Exercise requirements: An exact copy of the listing below is the answer, with the pictures removed.

Recorded information:

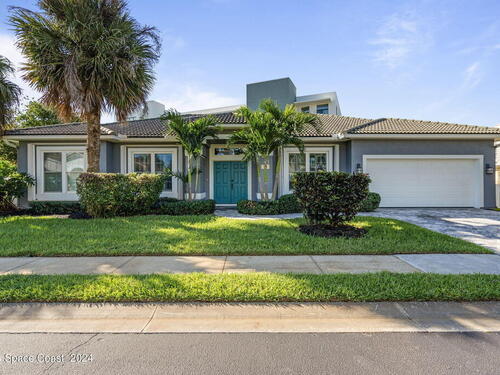 241  Ocean Ridge Drive, Melbourne Beach, Florida 32951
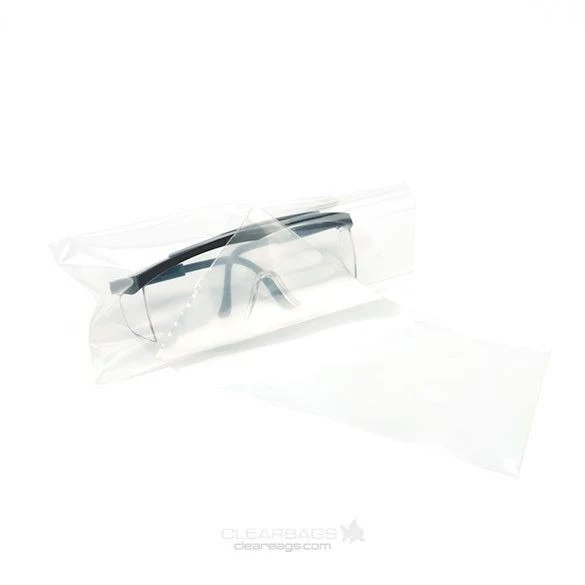 Polybeutel 12.7x15.2cm LDPE 100 Mikron (100 Stück) [PE456]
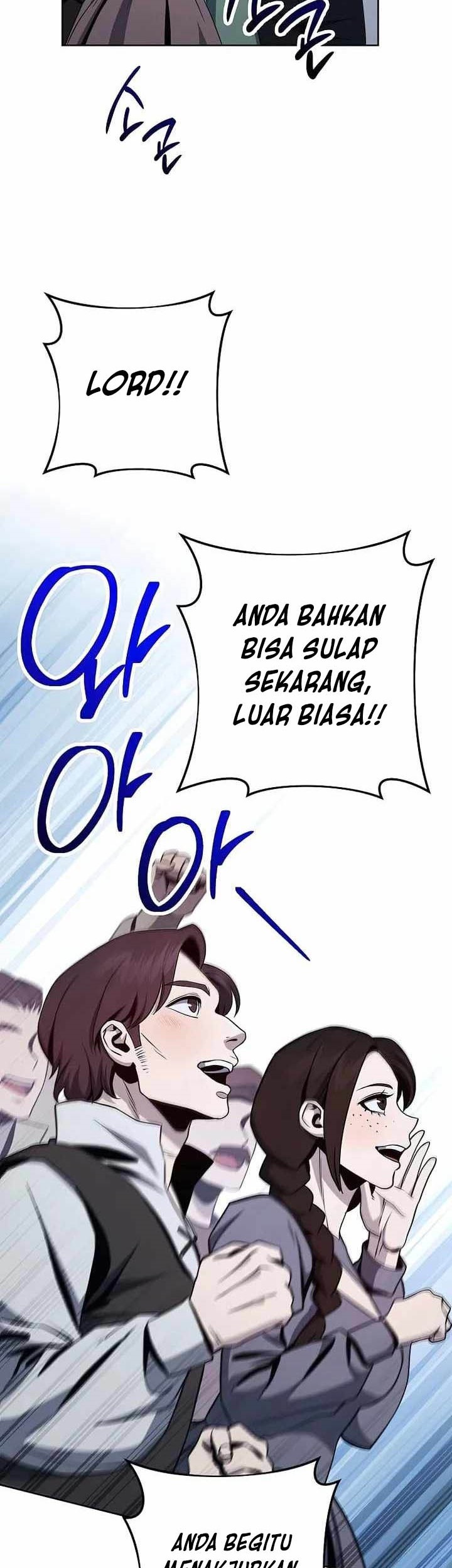 Skeleton Soldier Couldn’t Protect the Dungeon Chapter 264 halaman 19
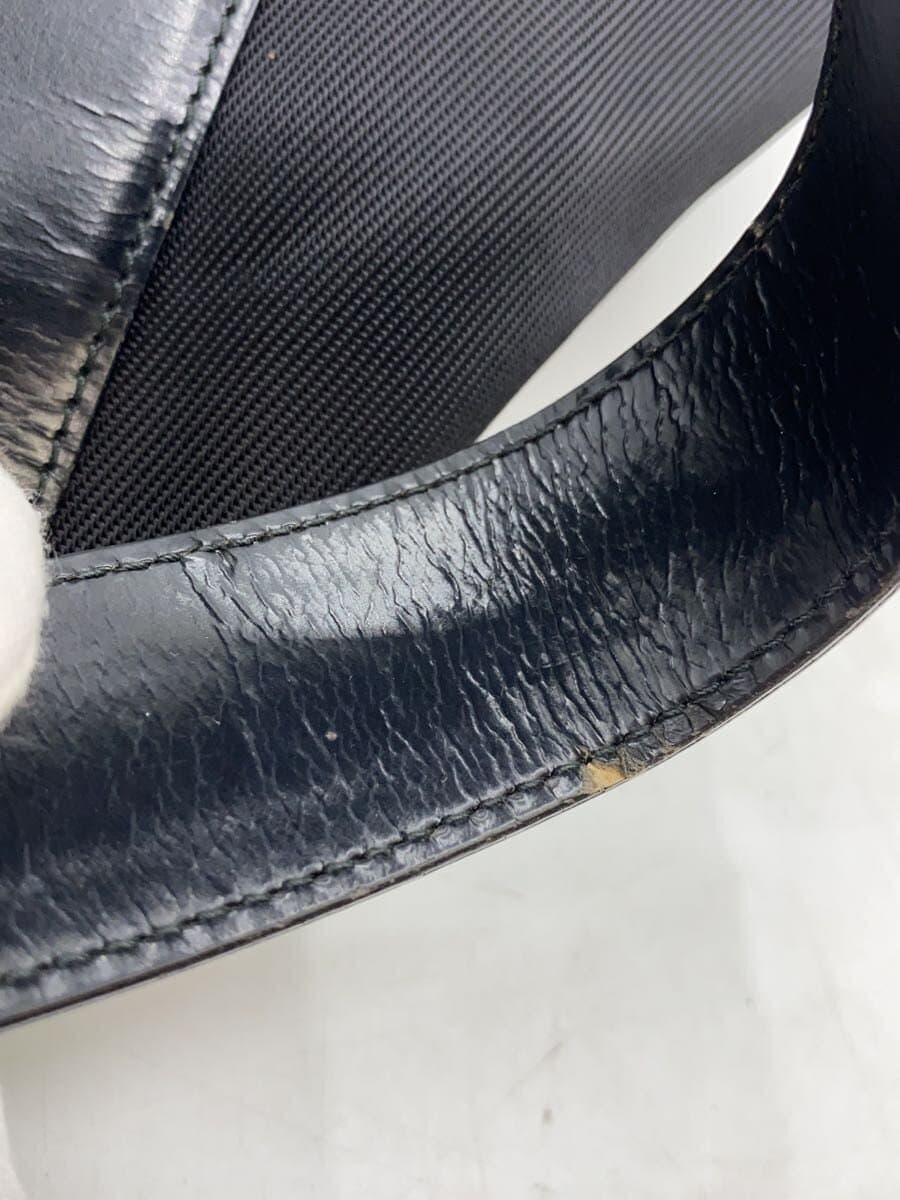 GUCCI Backpack_Bamboo Leather BLK 003･2058･0016 8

Answer:
 241  Ocean Ridge Drive, Melbourne Beach, Florida 32951
 Polybeutel 12.7x15.2cm LDPE 100 Mikron (100 Stück) [PE456]
 Skeleton Soldier Couldn’t Protect the Dungeon Chapter 264 halaman 19
 GUCCI Backpack_Bamboo Leather BLK 003･2058･0016 8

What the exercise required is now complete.